Rapporti di lavoro

Via libera all’accesso nel pc del lavoratore che viola le regole d’uso aziendali

di Marina Castellaneta

L’accesso ai file di un dipendente, sul computer aziendale, è possibile se il lavoratore non rispetta le regole interne fissate dall’azienda sull’etichettatura dei documenti.

A tornare sulla questione del bilanciamento tra potere di controllo del datore di lavoro e tutela della vita privata del dipendente è stata la Corte europea dei diritti dell’uomo, con la sentenza depositata il 22 febbraio nel caso «Libert contro Francia» (ricorso n. 588/13). All’esame dei giudici, l’utilizzo per fini personali dei computer messi a disposizione dall’azienda per l’attività professionale.

Questa volta a rivolgersi a Strasburgo è stato il dirigente della società nazionale delle ferrovie francesi, che era stato soggetto ad alcuni controlli. Il suo computer era stato visionato dall’azienda e, poiché vi erano stati trovati filmati di natura pornografica e alcune false attestazioni a beneficio di terzi, era scattato il licenziamento.

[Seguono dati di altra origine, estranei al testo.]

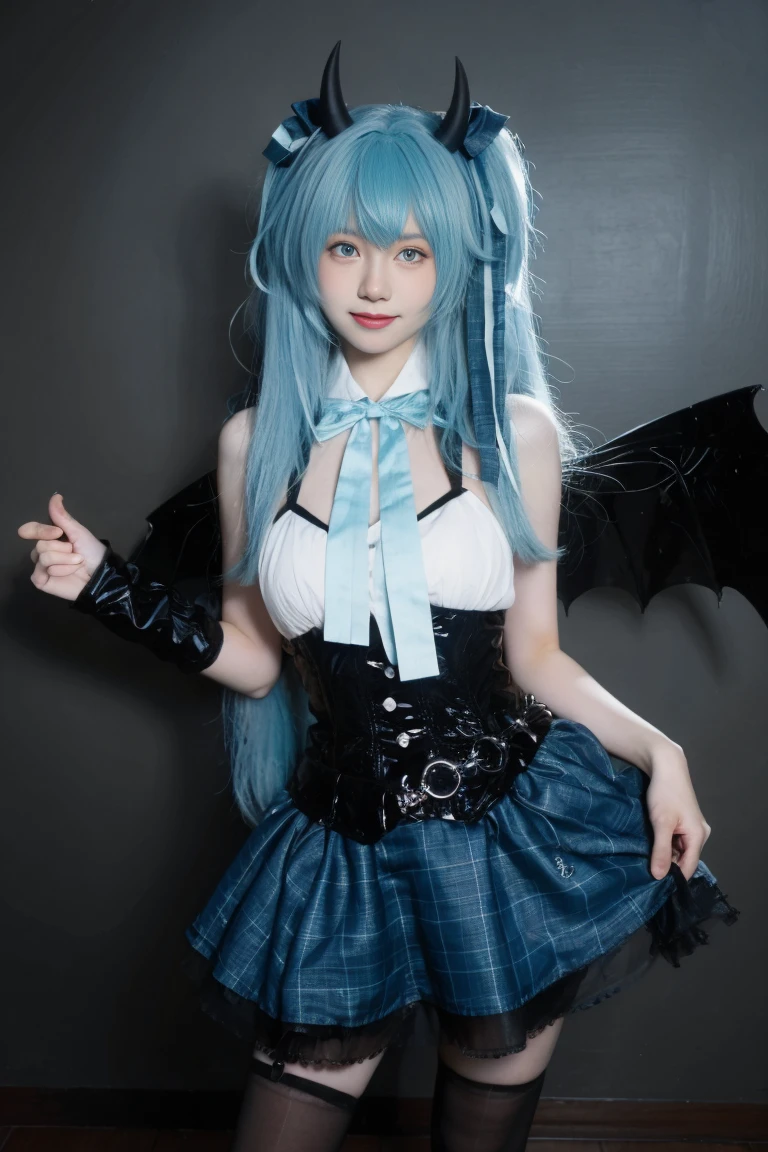best quality, tmasterpiece,Ultra-high resolution,Clear face,(Reality:1.4),ferpect lighting,(upper body shot:1.5), (photorealistic:1.50), anime wallpaper, Guviz style artwork, cover-up fantasy up to magic , by Yang J, Guviz, beautiful artwork illustration, beautiful digital artwork, beautiful digital illustration, Li Song, beautiful anime portrait, art style in Beauvot, 1girl, 独奏, looking at viewer, smile, standing, full body, arms at side, hatsune miku cosplay costume, hatsune miku, cosplay, aqua hair, very long hair, twintails, shirt, corset, skirt, plaid skirt, detached collar, detached sleeves, arm warmers, bowtie, bow, horns, demon horns, demon wings, demon tail, ribbon, o-ring, chain, thigh strap, hair ribbon, hair bow, thighhighs, torn thighhighs, knee boots, belt boots, platform boots, Curtain background, indoor,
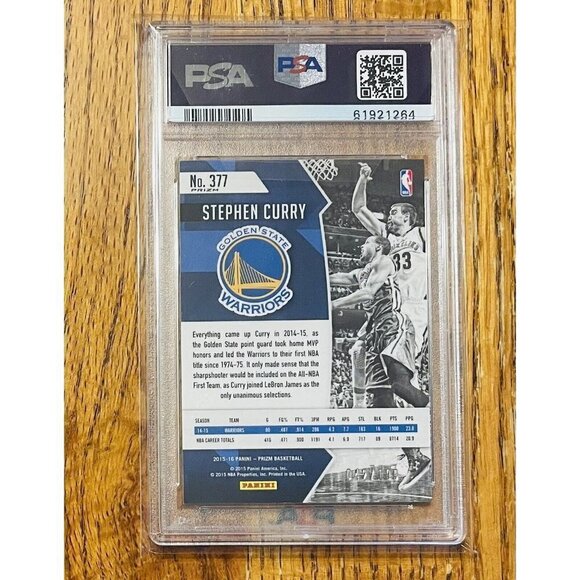 2015 Panini Prizm Stephen Curry Light Blue /199 PSA 9 Mint Low Pop - Picture 2 of 2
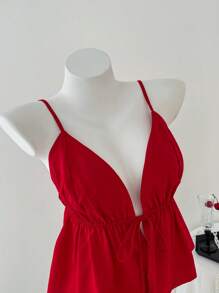 Elamini 女士性感纯色系带 V 领吊带背心，夏季 - 紅色 - 查看 3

Il dirigente aveva quindi avviato un’azione giurisdizionale interna, ma il suo ricorso era stato respinto. Di qui la scelta di rivolgersi alla Corte europea, la quale però gli ha dato torto.

Prima di tutto, Strasburgo ha stabilito che anche le attività lavorative rientrano nel perimetro dell’articolo 8 della Convenzione europea, che assicura il diritto al rispetto della vita privata. Questo perché si tratta di attività con cui l’individuo forma la propria identità sociale, anche grazie alla possibilità «di sviluppare relazioni con il mondo esterno». Pertanto, nella sfera di protezione dell’articolo 8 rientrano anche conversazioni, email e altre attività che si svolgono all’interno dei luoghi di lavoro.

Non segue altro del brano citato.